It is clear that there are many fundamental differences, conflicts, and overlaps in the power and authority, and in the time horizons and nature of service, of the generic leadership roles within a symphony organization. In varying degrees, depending on the specific organization, there can be significant differences in the subcultures and in deeply held beliefs, principles, and values of participants in the different organizational constituencies. And yet, a symphony organization cannot exist without the inclusion of each of these constituencies, and most communities will only support one central symphony organization. And finally, for most participants, there is a common love and dedication to classical music and the symphonic art form which moderates interpersonal differences and provides a strong emotional tie among all participants.

These considerations lead to the conclusion that the participants in a symphony organization are bound together, in tension, whether they like it or not. They have little fundamental choice but to be affiliated with and to work together in the same organization if they wish to be engaged in the highest level orchestral musical activity in a particular community. Traditional use of power and authority by any leader within that organization has relatively little enduring effect given the existence of such diffusive countervailing power and authority within the organization. A symphony institution has no “owner” with whose interests the organization’s governors, management, and rank and file employees can either be aligned with or adverse to, and whose decisions, ultimately, can forcefully resolve tension and conflict, albeit arbitrarily. Left undiscussed and unresolved, all the differences and inherent conflicts in these closed-in organizations can lead to apathy, work dissatisfaction, constrained enthusiasm, nagging anxiety, and undercurrents of concern—feelings which participants in these organizations voice too often.

Some would suggest that the answer to the paradoxical symphony organization is to streamline structure and to redefine, eliminate, or combine some leadership roles. In a very few organizations, some combinations or rearrangements of roles and structures exist. On balance, however, there is a purpose and legitimacy to each of the roles described; different people with different skills must generally fill them; and there are real differences in the work taking place and being led throughout a symphony organization. So the primary goal of organizational redesign is to find ways for people in various roles and groups to work together more informally, cohesively, and imaginatively to achieve greater work satisfaction and organizational effectiveness.

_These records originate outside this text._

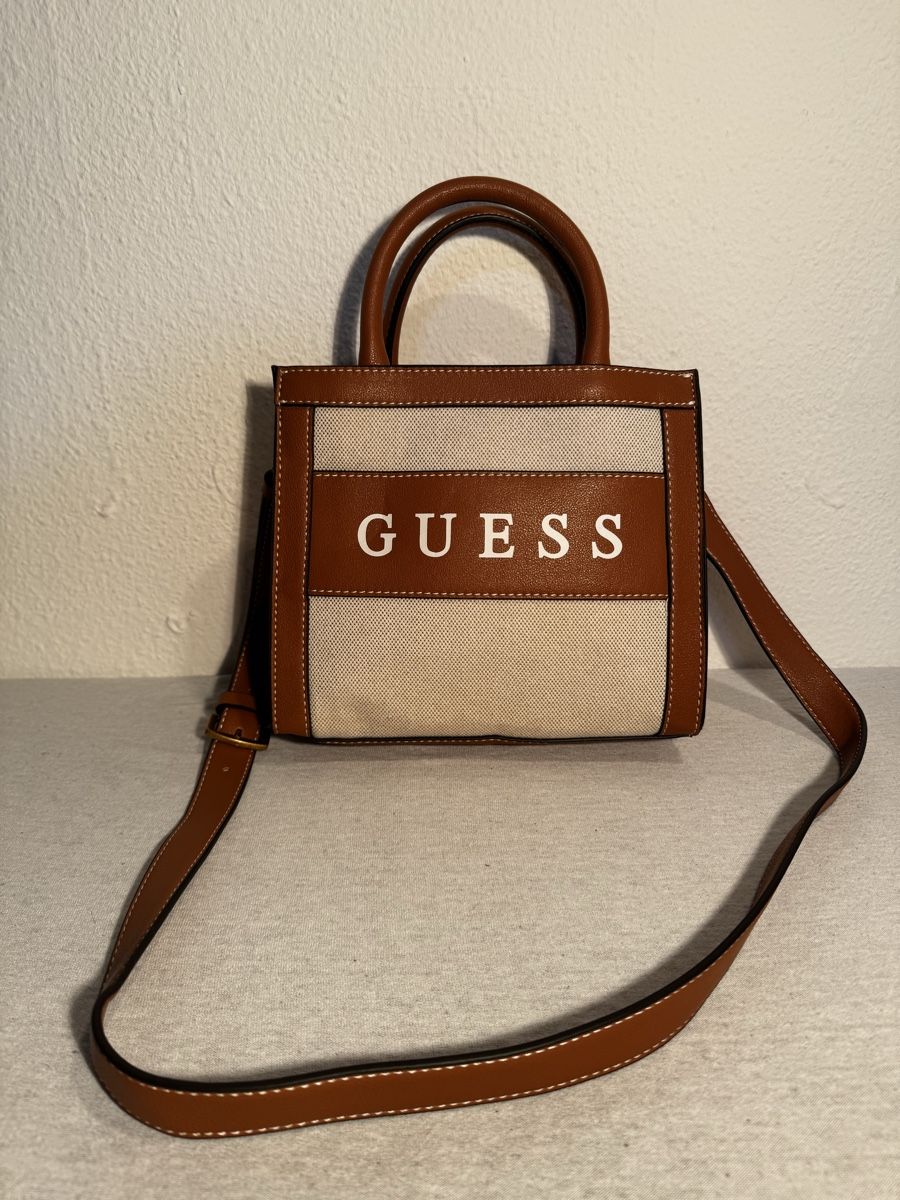 Guess Taschen für Damen: Guess Handtasche Salford Mini – Gebraucht aus Winterthur von Schluffi1
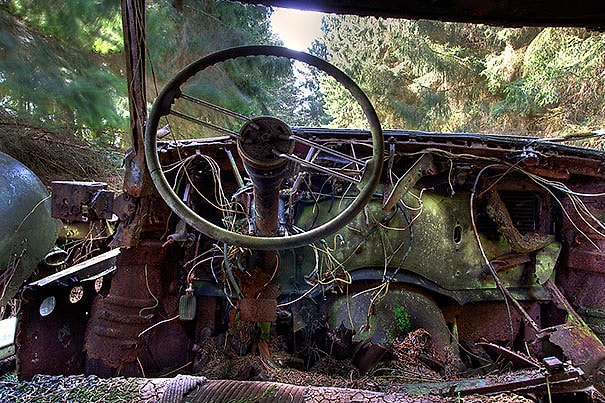 Dünyanın En Eski Araba Mezarlığından, "Doğa"nın Makineye Karşı Zaferi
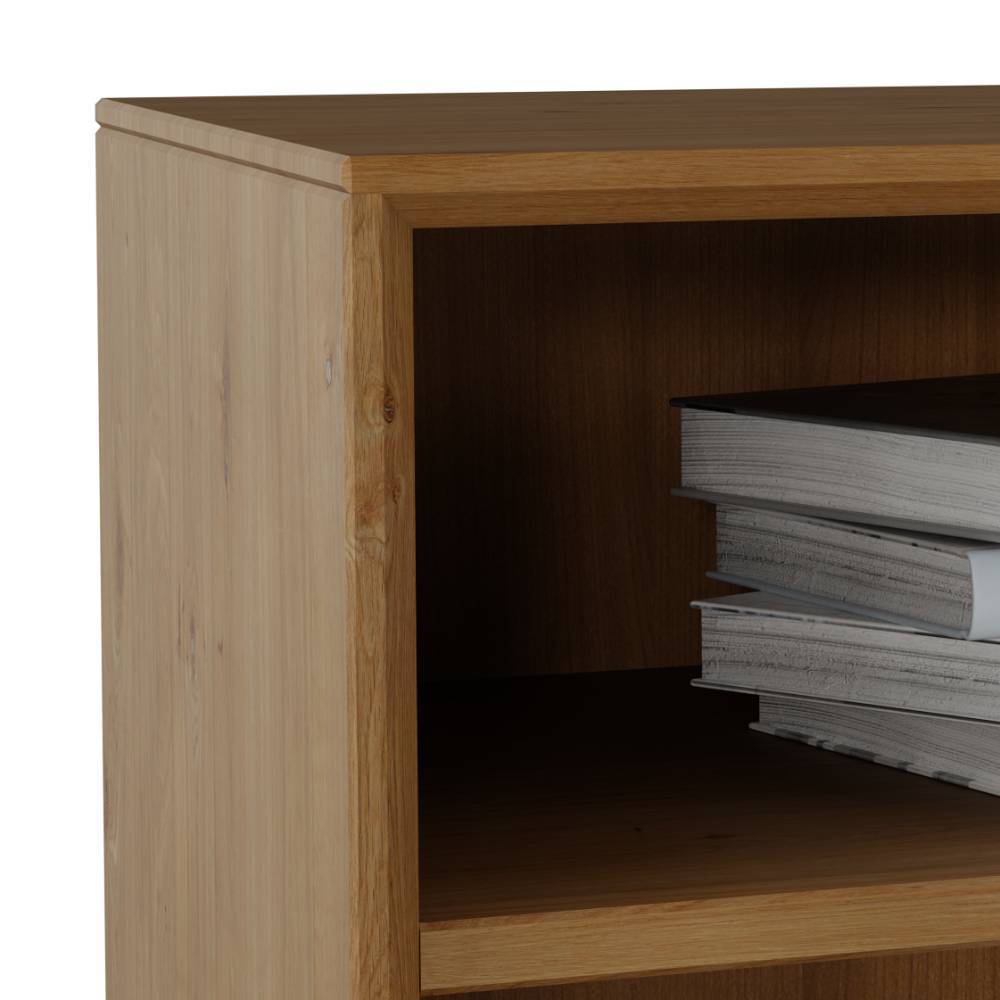 Massivholzregal Eiche Tree in modernem Design mit einem Einlegeboden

In many fields, the effectiveness of traditional hierarchical organizational structures and management patterns is being questioned. Given the nature and complexity of the symphony organization workplace, including its inherent leadership diversity, it should not be surprising that traditional hierarchical approaches are not working well. A common-sense analysis suggests the need for developing innovative, nontraditional, and more informal and authentic relationships and communications, resulting in much greater levels of collaborative leadership and decision making. The workplace and leadership complexities also suggest the absolute necessity for developing a common shared purpose and vision, and high levels of trust, to guide and bind all leadership behavior. The development of such arrangements and dynamics involves significant, courageous, and willful change for which there are not yet any models in the North American symphony world. Over time, the Symphony Orchestra Institute will be devoting more resources to this challenge.

Paul R. Judy, founder and chairman of the Symphony Orchestra Institute, is a retired investment banking executive. He is a life trustee and former president of the Chicago Symphony Orchestra. Mr. Judy holds A.B. and M.B.A. degrees from Harvard University.

Note

1 Judy, Paul R. 1995. The Symphony Orchestra Institute – Precepts and Direction. Also: The Uniqueness and Commonality of American Symphony Orchestra Organizations. Harmony 1 (October): 1 – 35.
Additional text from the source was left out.